The option she refers to involves a committee proposal to extend expiring surcharges on the monthly bills of United Illuminating and Connecticut Light and Power Co. customers for another decade. The committee specifically wants to maintain 56 percent of the surcharge customers have paid since 2000 to reimburse utilities for costs tied to a state-ordered deregulation process.

But instead of reimbursing the utilities, which will finish recovering their costs soon, the surcharge will go to the state.

That extension would amount to $180 million per year, or $1.8 billion over the next decade. State government would sell the rights to that revenue stream to any investor willing to provide $1.3 billion now to help balance the next budget.

“Ratepayers, who have paid these charges for the last 10 years, have rightfully been expecting the charges to soon be expiring,” the governor said.

Then why did the Rell administration, working with state Treasurer Denise L. Nappier, offer a similar option in February in a report identifying several potential revenue streams that could be securitized? Under the administration’s scenario, about $1.5 billion of the $1.8 billion burden would fall on ratepayers, with the remaining $300 million coming from energy conservation programs – which are also fueled by surcharges on consumer bills.

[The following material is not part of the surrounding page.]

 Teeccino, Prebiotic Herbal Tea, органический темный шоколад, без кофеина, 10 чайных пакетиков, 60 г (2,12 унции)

The administration notes that Rell did not sign last summer’s budget bill, which mandated the securitization and directed the governor and treasurer to identify sources of revenue to sell. But she also did not veto it, instead allowing it to become law without her signature.

And just two weeks before the document became law, Rell had offered a new budget proposal that called for state government to raise $1.2 billion through securitization.

So if the governor set a securitization target that nearly matches the Democrats’ $1.3 billion mark, offered an option herself that raids consumers’ electric bills, and chose not to exercise a veto that could have spared her this problem, why – Staples asked – is she objecting now?

April 7: McKinney

Senate Minority Leader John McKinney: Rell should have vetoed the budget (Jacqueline Rabe)

“If there’s any hope of reaching a budget agreement this year, the governor has to abandon her approach of trying to take political advantage of every situation,” he said, adding that Rell’s comments have harmed the already difficult prospect of negotiating a revised, balanced budget for 2010-11.

The governor’s press office would not say Tuesday or Wednesday when asked whether Rell would sign the committee’s securitization bill if it reaches her desk.

But her fellow Republicans in the legislature said it would be a huge mistake for her to do so.

“The people in the state of Connecticut are tired of being nickeled-and-dimed,” House Minority Leader Lawrence F. Cafero of Norwalk said. “They’re being killed by a thousand cuts and the people holding the knife are the Democrat-controlled legislature, not the utility companies.”

John McKinney of Fairfield, the top Republican in the Senate, called securitization “a bad idea from the start,” and said consumers were assured this surcharge would expire “and they should see some relief.”

McKinney added Rell should veto the finance committee’s plan and could have prevented securitization entirely by taking action last September.

“It’s too late to mince words,” he said. “She should have vetoed the budget. It’s a bad budget.”